Data to examine:
-- Opening Marker --

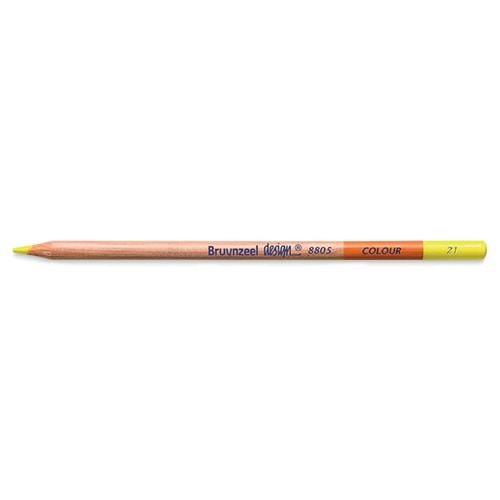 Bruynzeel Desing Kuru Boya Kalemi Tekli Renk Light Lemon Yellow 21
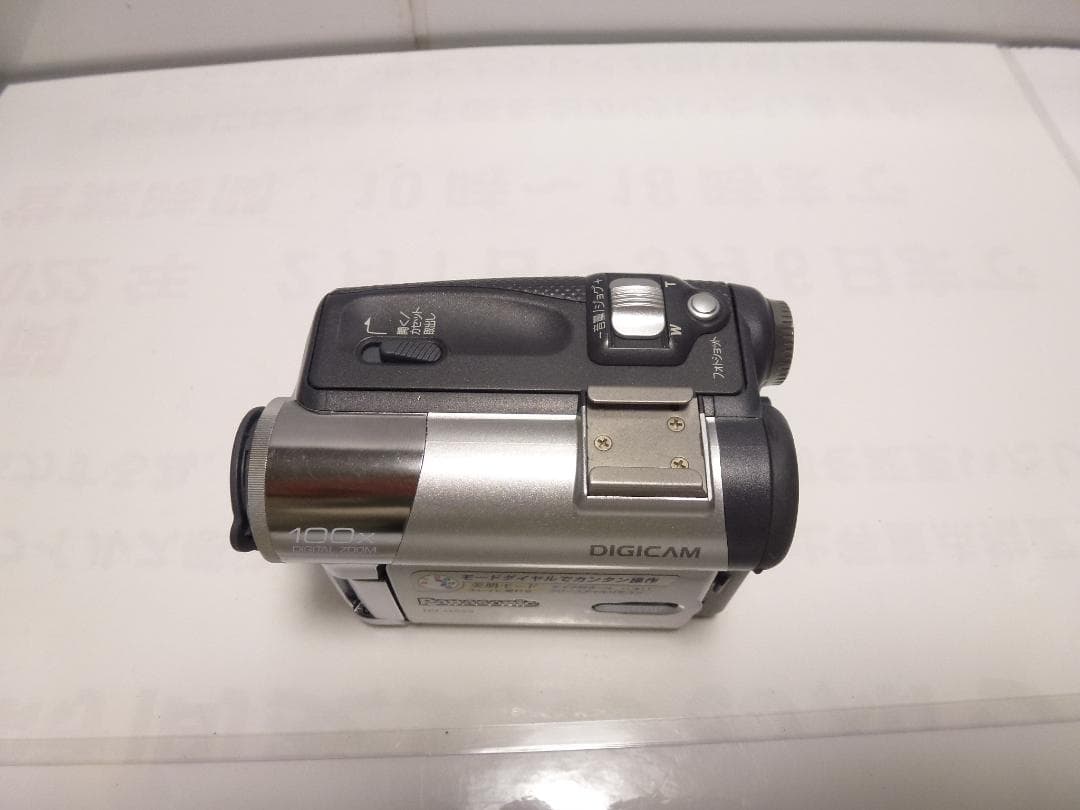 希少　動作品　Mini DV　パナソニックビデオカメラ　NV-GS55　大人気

-- Closing Marker --
-- Opening Marker --

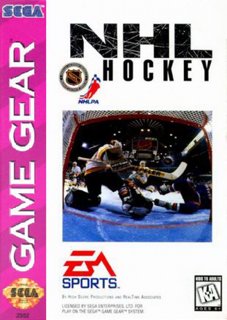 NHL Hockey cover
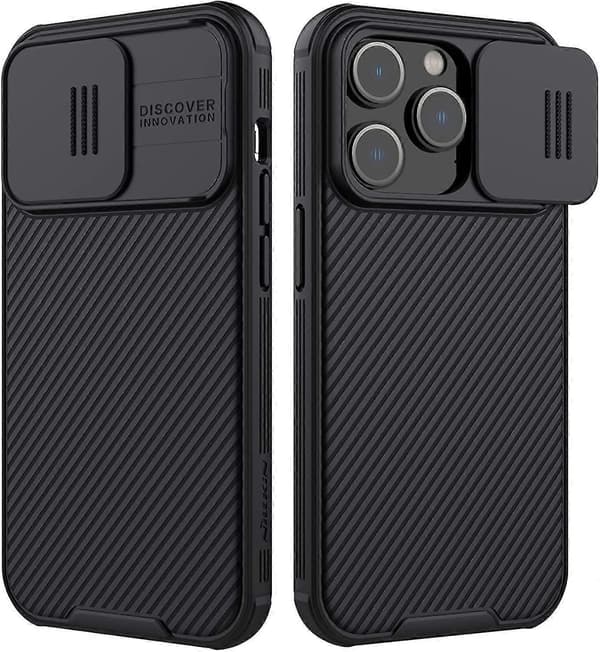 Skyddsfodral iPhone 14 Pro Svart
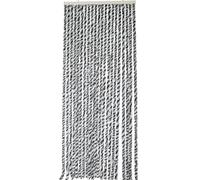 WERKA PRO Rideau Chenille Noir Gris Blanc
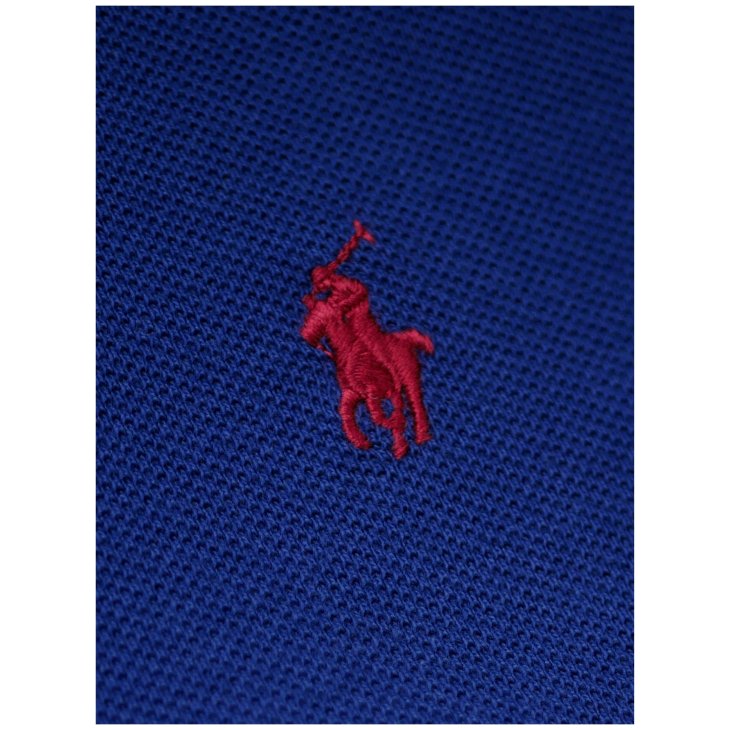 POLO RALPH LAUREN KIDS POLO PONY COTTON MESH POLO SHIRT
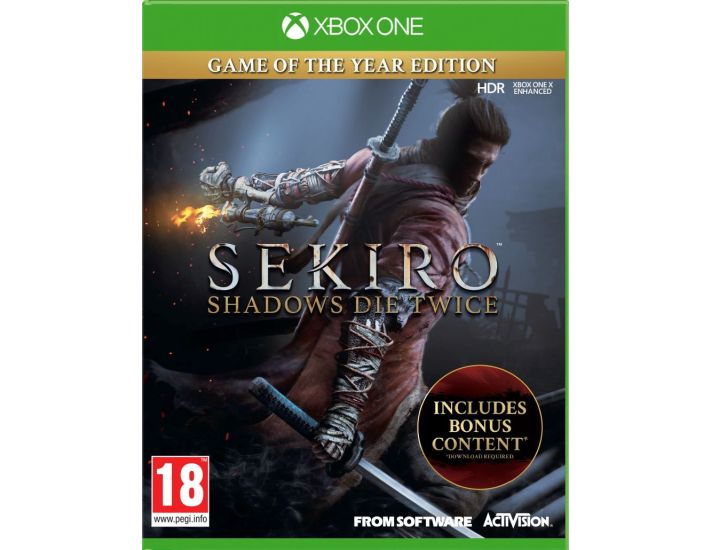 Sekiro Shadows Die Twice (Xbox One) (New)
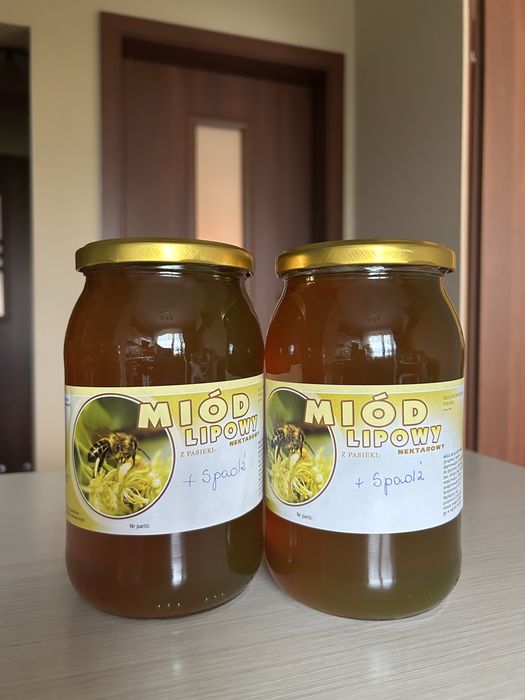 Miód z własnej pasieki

-- Closing Marker --

Assigned task:
What are the lines above from the one with "Bruynzeel Desing Kuru" to the one with "希少　動作品　Mini DV　パナソニックビデオカメラ　NV-GS55　大人気", both included? Reproduce them exactly, without pictures.

Answer to the exercise:
 Bruynzeel Desing Kuru Boya Kalemi Tekli Renk Light Lemon Yellow 21
 希少　動作品　Mini DV　パナソニックビデオカメラ　NV-GS55　大人気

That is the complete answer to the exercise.